## Records shown
■ ■ ■
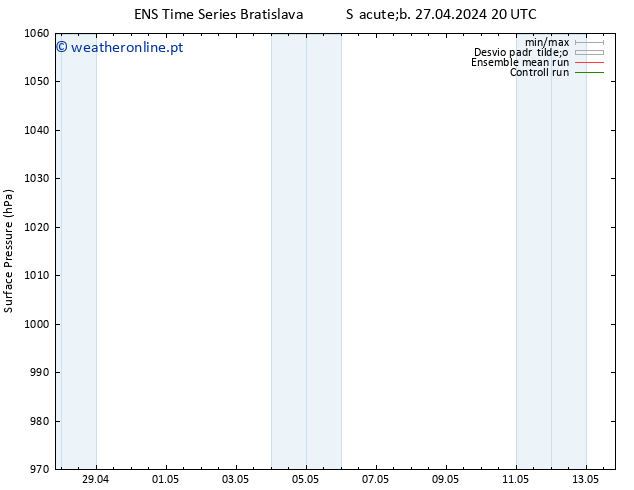 pressão do solo GEFS TS Sáb 27.04.2024 20 UTC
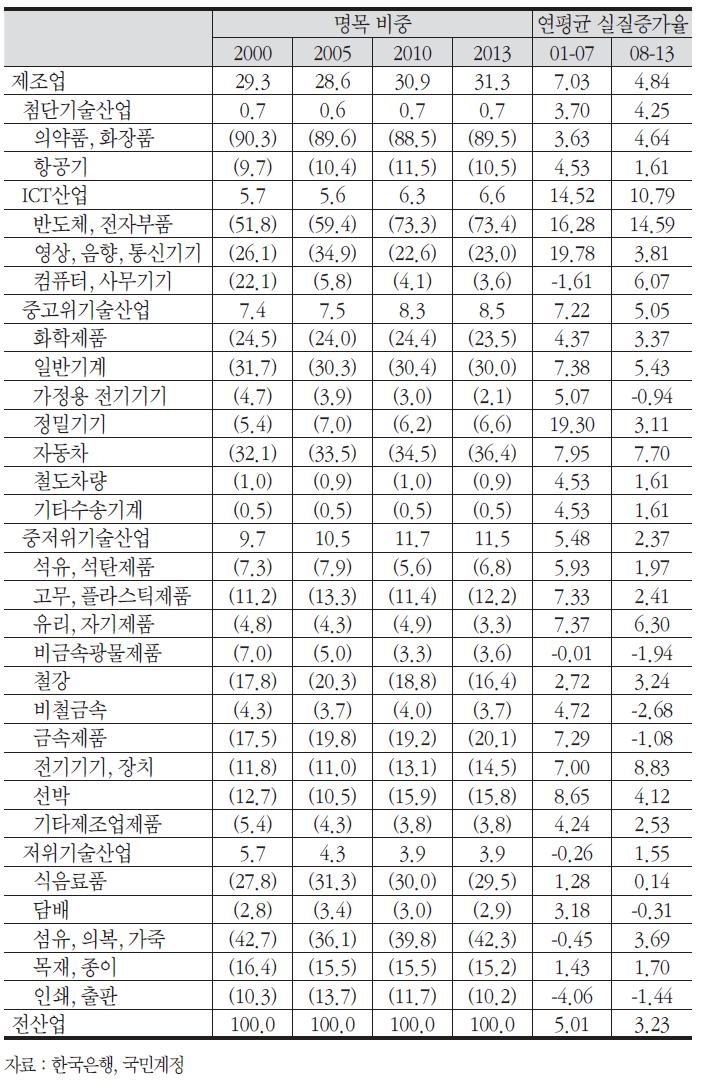 제조업 내 세부산업별 비중 및 증가율 비교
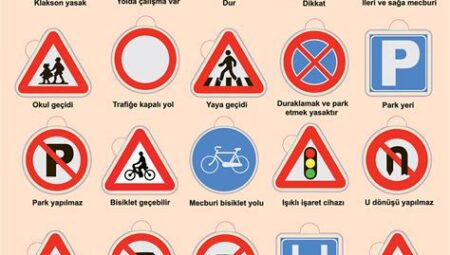 Otomobil Trafik Kuralları: Güvenli ve Sorunsuz Bir Sürüş Deneyimi İçin Bilinmesi Gerekenler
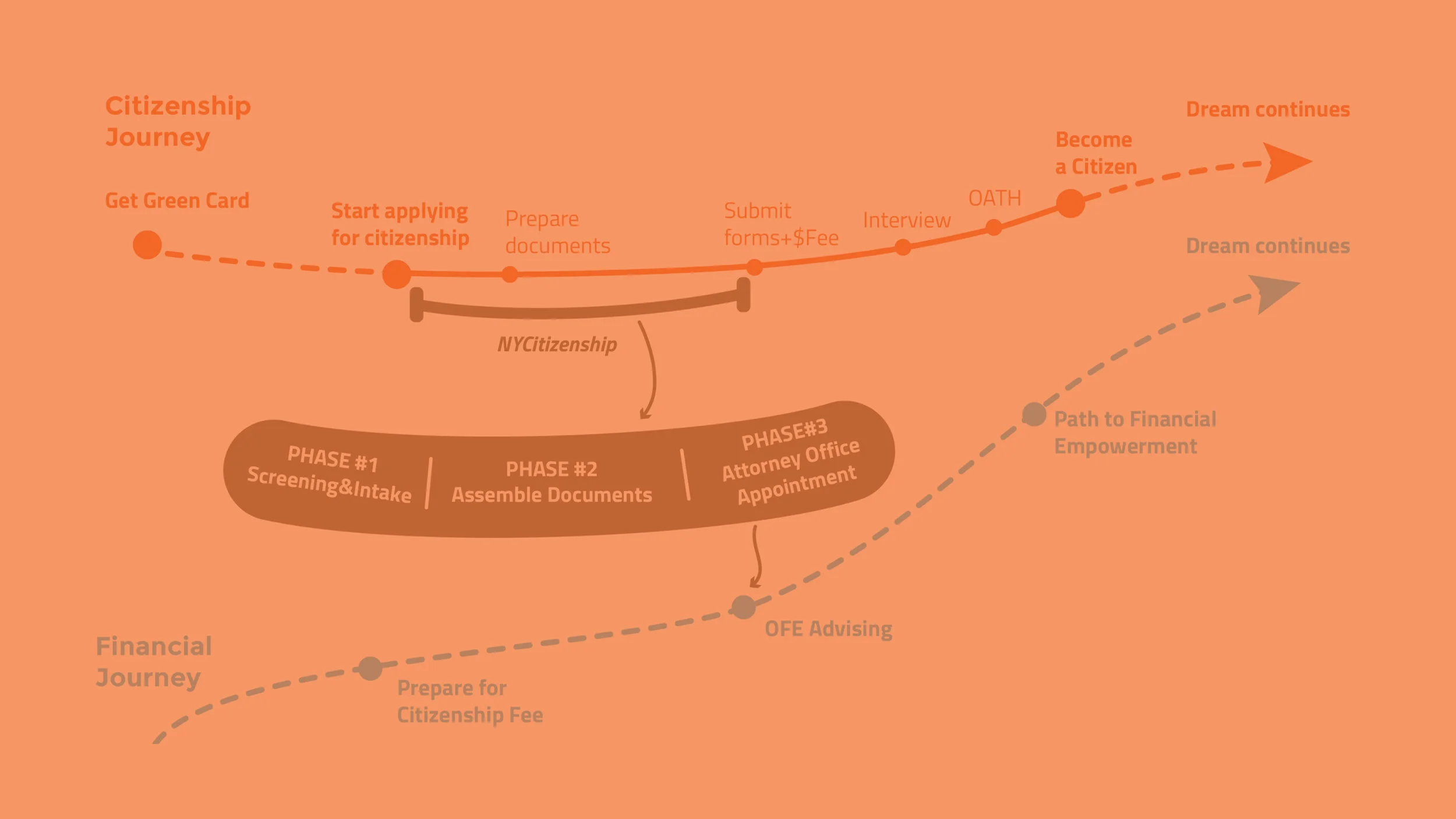DFE_CitizenshipHeader_Orange.jpg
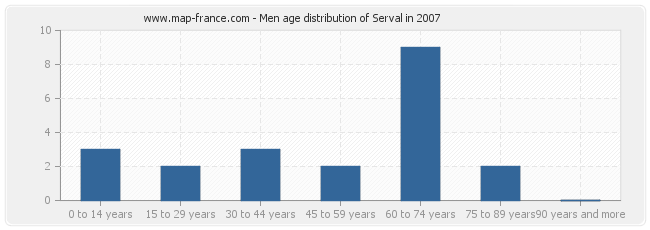 Men age distribution of Serval in 2007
■ ■ ■
## What to work on
Please repeat exactly the lines from the one containing "DFE_CitizenshipHeader_Orange.jpg" through the last line of the records, both included, and leave out the pictures.

## Answer box
DFE_CitizenshipHeader_Orange.jpg
 Men age distribution of Serval in 2007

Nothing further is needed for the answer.